» What is being asked:
Beginning at the line that contains "Chevy Pickup Wreck" and finishing at the line that contains "Pigiama uomo flanella", output the data below exactly. Include both end lines and no pictures.

» Information:
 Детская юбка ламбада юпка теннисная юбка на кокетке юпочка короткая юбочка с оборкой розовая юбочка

---

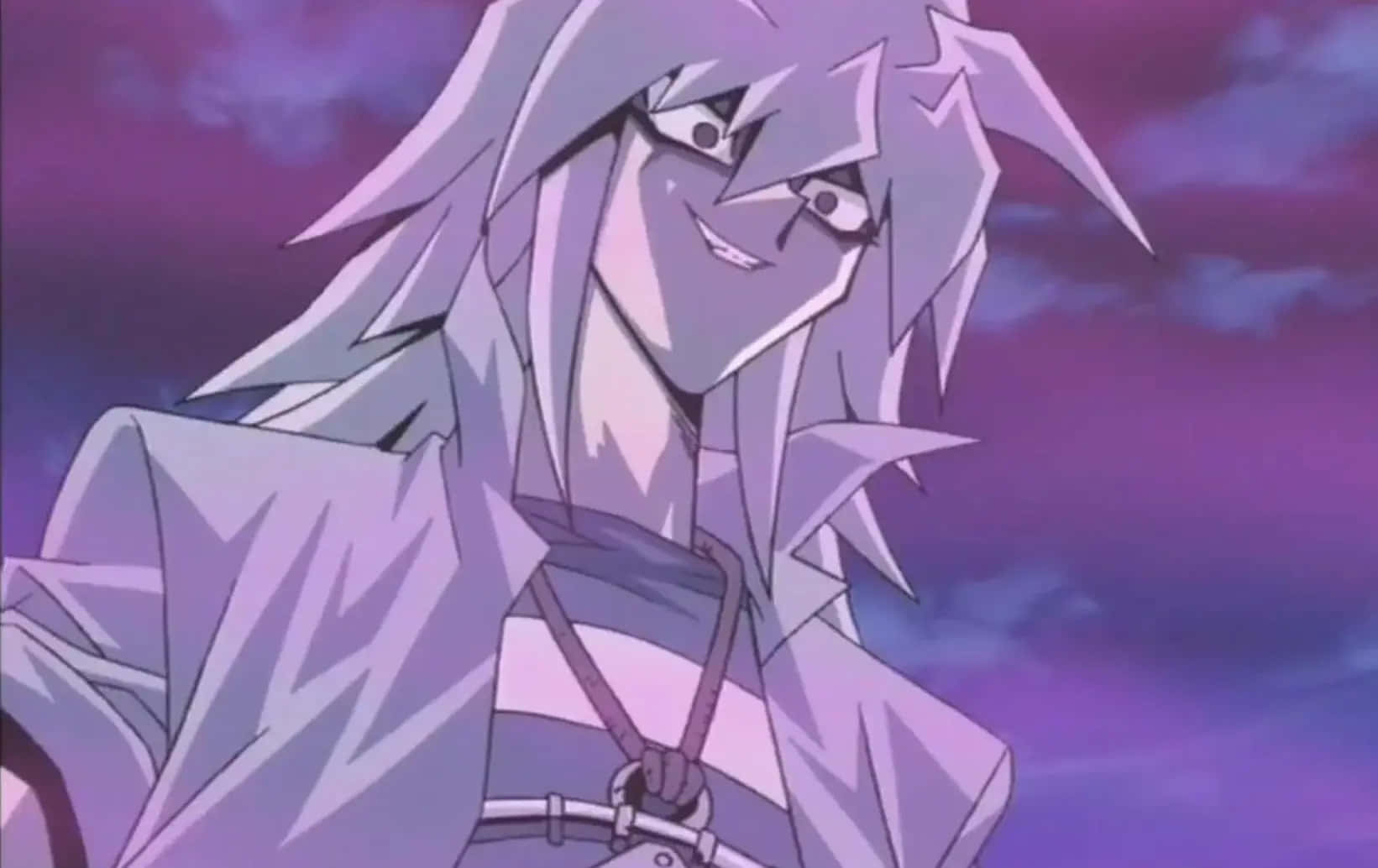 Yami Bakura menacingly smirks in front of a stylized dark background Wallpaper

==

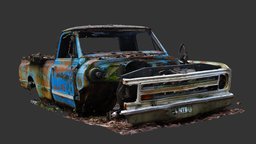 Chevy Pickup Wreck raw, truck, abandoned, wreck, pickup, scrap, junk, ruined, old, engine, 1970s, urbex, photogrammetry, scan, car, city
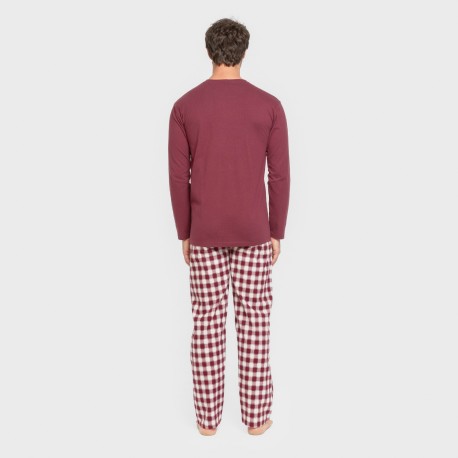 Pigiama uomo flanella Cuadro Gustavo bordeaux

» Task response:
 Chevy Pickup Wreck raw, truck, abandoned, wreck, pickup, scrap, junk, ruined, old, engine, 1970s, urbex, photogrammetry, scan, car, city
 Pigiama uomo flanella Cuadro Gustavo bordeaux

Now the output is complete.